In 1377, the great Pope Gregory XI, who broke the chains of captivity in Avignon, wished to add a vigil to the solemnity of our Lady's birthday. But whether he merely expressed a desire to this effect, as did his successor Urban VI with regard to a fast on the eve of the Visitation, or whether for some other reason, the intentions of the holy Pope were carried out for only a very short time during the years of trouble that followed his death.
Together with the Church, let us ask, as the fruit of this sweet feast, for that peace which seems to flee ever farther and farther from our unhappy times. Our Lady was born during the second of the three periods of universal peace wherewith the reign of Augustus was blest, the last of which ushered in the Prince of Peace Himself.
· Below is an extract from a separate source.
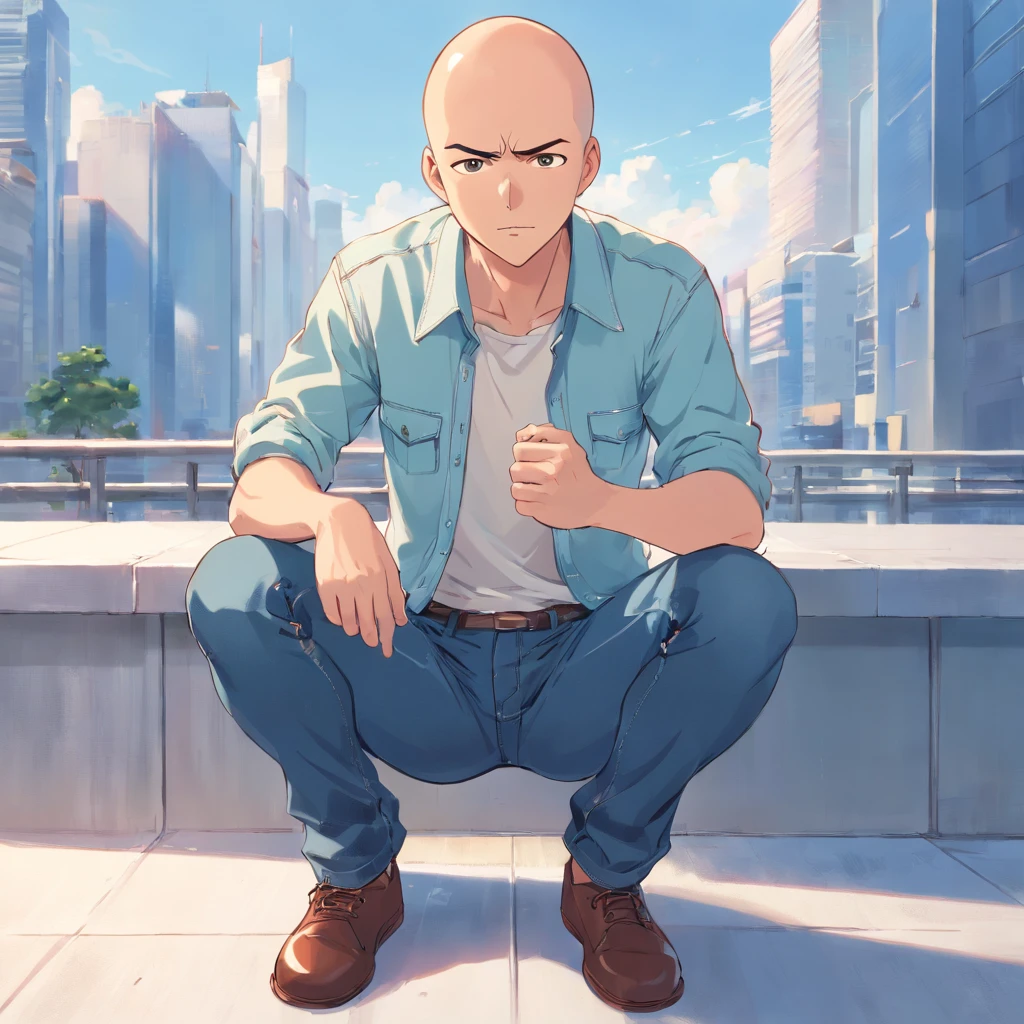 A bald man with a fearless feeling,MachoＴWearing jeans with a shirt,Charakitar Seat,Multiple facial expressions,soio,white backgrounid,multi view, bustup,Standing Picture,frontage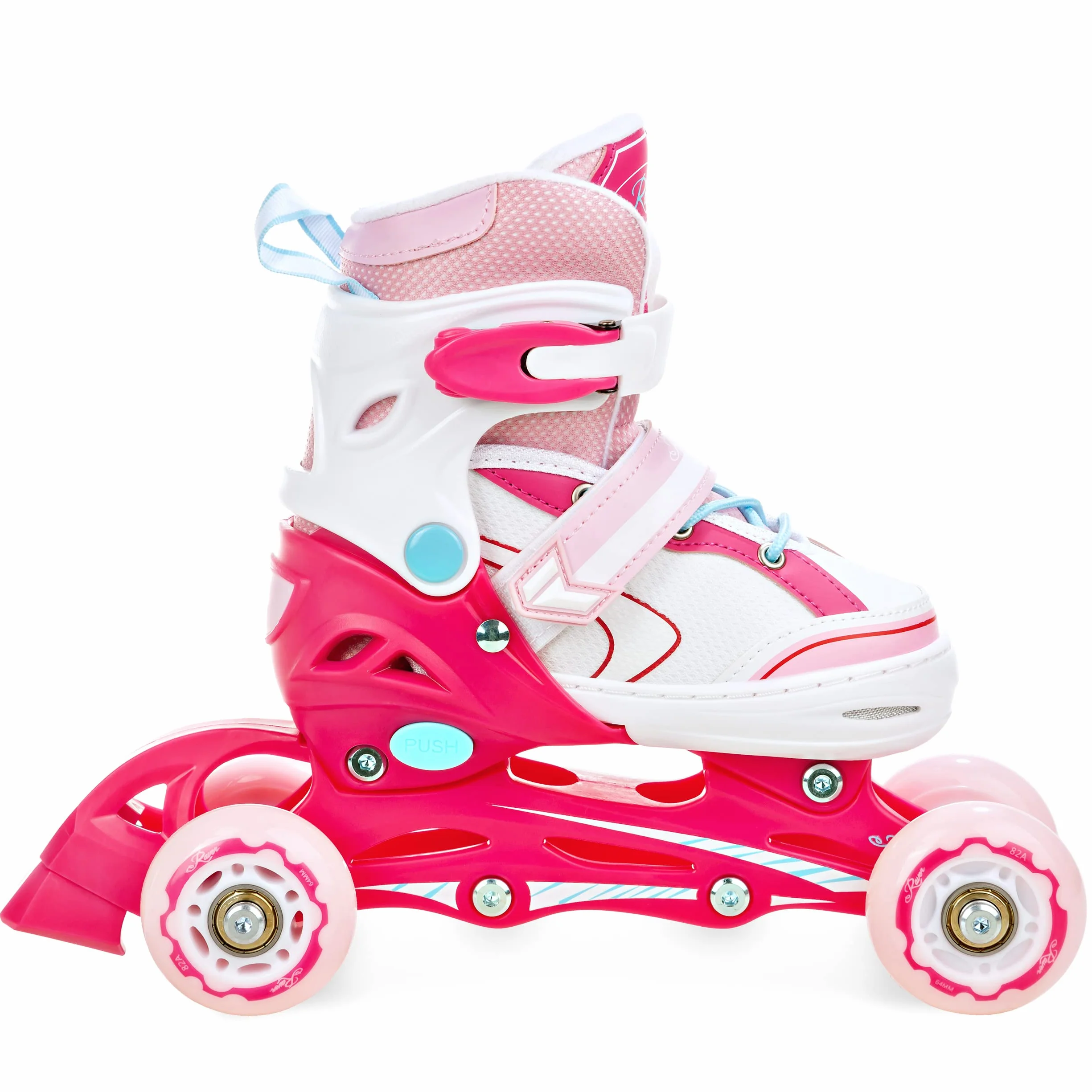 Pattini a rotelle per bambini 3 in 1 regolabili Raven con pattini quad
The temple of Janus is closed; in the eternal city a mysterious fountain of oil has sprung up from the spot where the first sanctuary of the Mother of God is one day to be built; signs and portents are multiplied; the whole world is in expectation; the poet has sung: ‘Behold the last age, foretold by the Sybil, is at hand; behold the great series of new worlds is beginning; behold the Virgin!' In Judæa, the sceptre has been taken away from Juda; but the usurper of his power, Herod the Idumæan, is hastening to complete the splendid restoration, which will enable the second temple worthily to receive within its walls the Ark of the new Covenant.
It is the sabbatical month, the first of the civil year, the seventh of the sacred cycle; the month of Tisri which begins the repose of each seventh year, and in which is announced the holy year of Jubilee; the most joyous of months, with its solemn Neomenia celebrated with trumpets and singing, its feast of tabernacles, and the commemoration of the completion of Solomon's temple. . . . On earth, two obscure descendants of David, Joachim and Anne, are thanking God for having blessed their long-barren union. (7)
Sermon I on the Dormition of Mary By St. John Damascene (John of Damascus), (A.D. 676 – 754/787)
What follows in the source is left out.